If you have spent time in Erasmus+ circles, you have heard the term "non-formal education" used constantly. But what does it actually mean — and why has the European youth sector organised so much of its practice around it?
The standard framework distinguishes three types of learning. Formal education happens in schools, universities and vocational training institutions — it is structured, curriculum-based, and leads to recognised qualifications. Informal learning happens in everyday life: absorbing knowledge from conversations, media, experience, trial and error. Non-formal education sits between them: it is intentional and organised, but takes place outside formal institutions and does not necessarily lead to recognised credentials.
Youth work, community education, sports coaching, peer learning programmes, and Erasmus+ youth exchanges all fall under non-formal education. They share common features: voluntary participation, learner-centred design, focus on the process as well as the outcome, and recognition of prior experience.
Formal education is excellent at transmitting knowledge and assessing whether it has been retained. It is less effective at developing attitudes, values, identity, and relational skills — precisely the things that youth work is most concerned with.
Non-formal methods work differently. A simulation exercise, a role play, a fishbowl discussion — these are not just entertaining alternatives to a lecture. They create conditions under which participants must act, reflect, form opinions, challenge assumptions, and learn from each other. The learning is experiential: it goes through the body and the emotions before it reaches the intellect.
You do not learn intercultural competence by reading about it. You learn it by sitting across a table from someone whose worldview is genuinely different from yours, trying to understand something together, and noticing what happens in the process.
Most non-formal education practice draws on David Kolb's experiential learning cycle: concrete experience → reflective observation → abstract conceptualisation → active experimentation. A youth exchange structured well moves participants through all four stages repeatedly. A youth exchange structured poorly is just tourism.
The difference lies in facilitation. A skilled youth worker knows how to create moments of experience, build in structured reflection time, help participants draw generalisable insights, and design follow-up activities that put those insights into practice. This is why trainer quality matters so much in Erasmus+ projects.

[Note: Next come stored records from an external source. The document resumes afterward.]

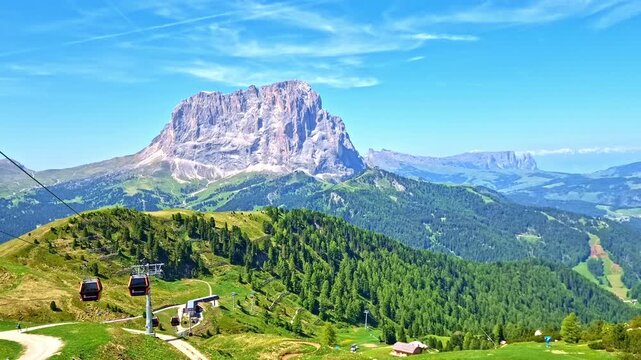 Dantercepies cable car and the rocky Sassolungo Mountain in Val Gardena, Dolomites, Italy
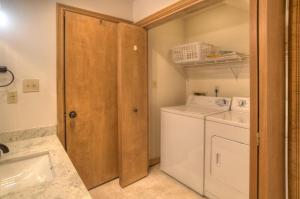 a small laundry room with a washer and dryer at 2 2 Ferringway 33 in Durango +24 photos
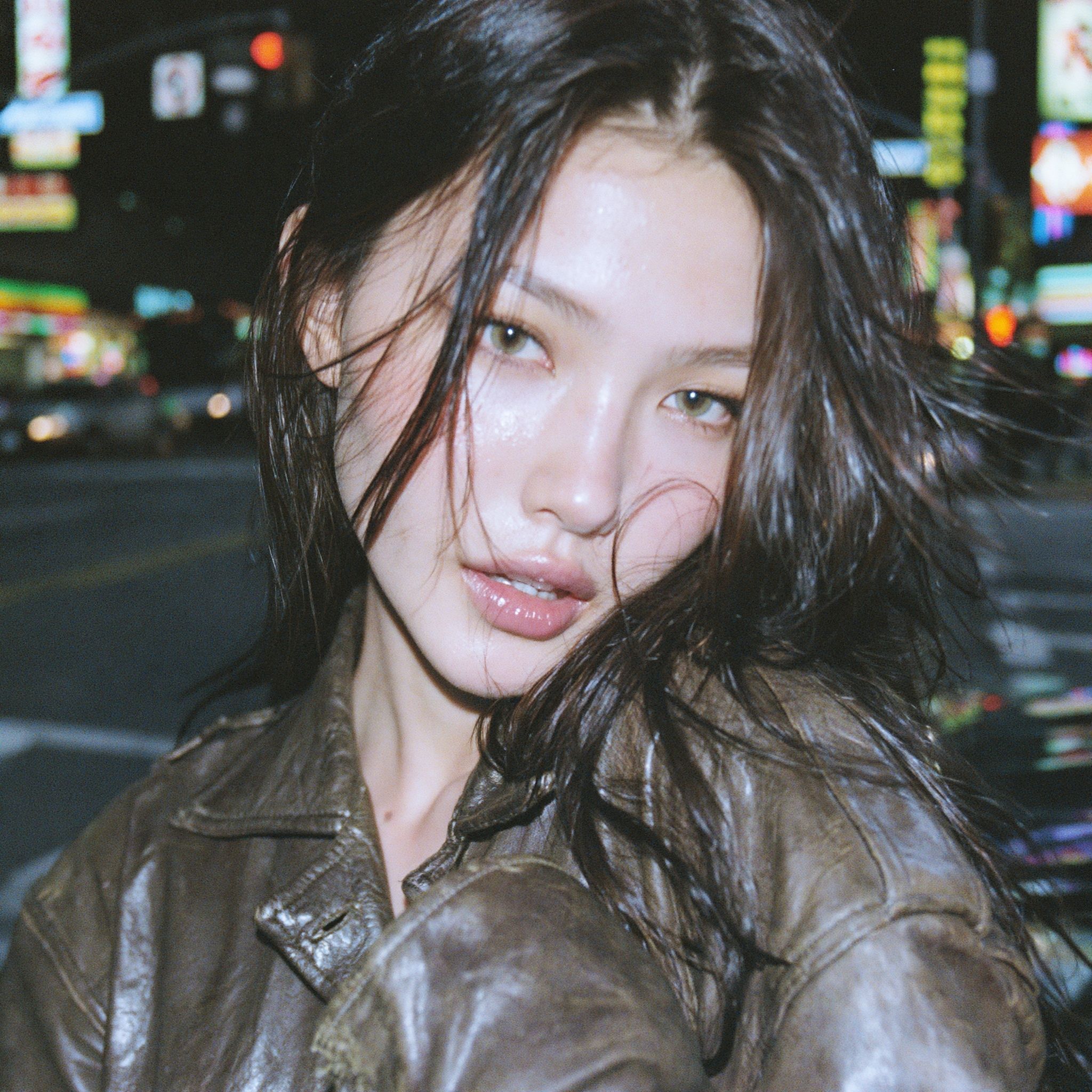 A beautiful young woman in a night street portrait showcases natural charm and a captivating gaze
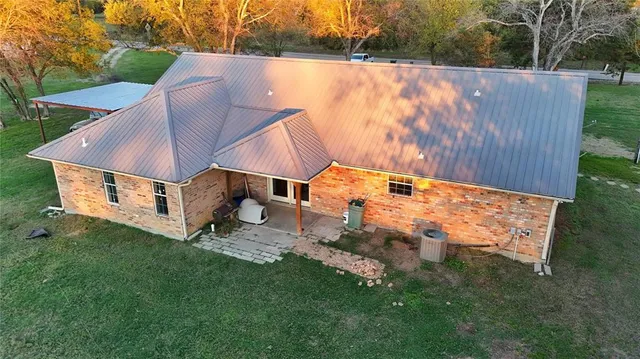 a aerial view of a house with backyard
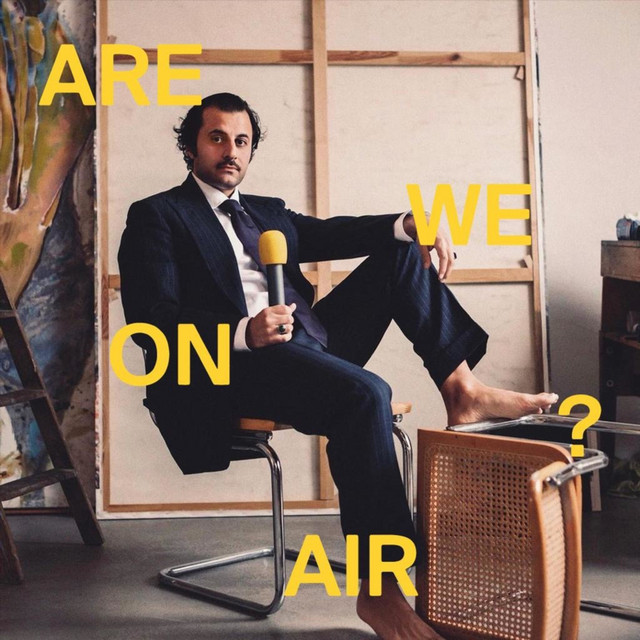 A man in a suit sits barefoot on a modern chair in an art studio. He holds a yellow microphone, looking at the camera with a thoughtful expression. The words "ARE WE ON AIR?" are overlaid in bold yellow text. The background features a canvas and artistic materials.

One persistent challenge in non-formal education is recognition: how do you make the learning visible to employers, institutions, and society? This is where tools like the Youthpass become important. The EU has also developed frameworks like the European Skills Passport and Europass to help translate non-formal learning into terms that formal systems can understand. Progress is slow, but the direction is clear: non-formal learning is increasingly taken seriously as a genuine form of competence development.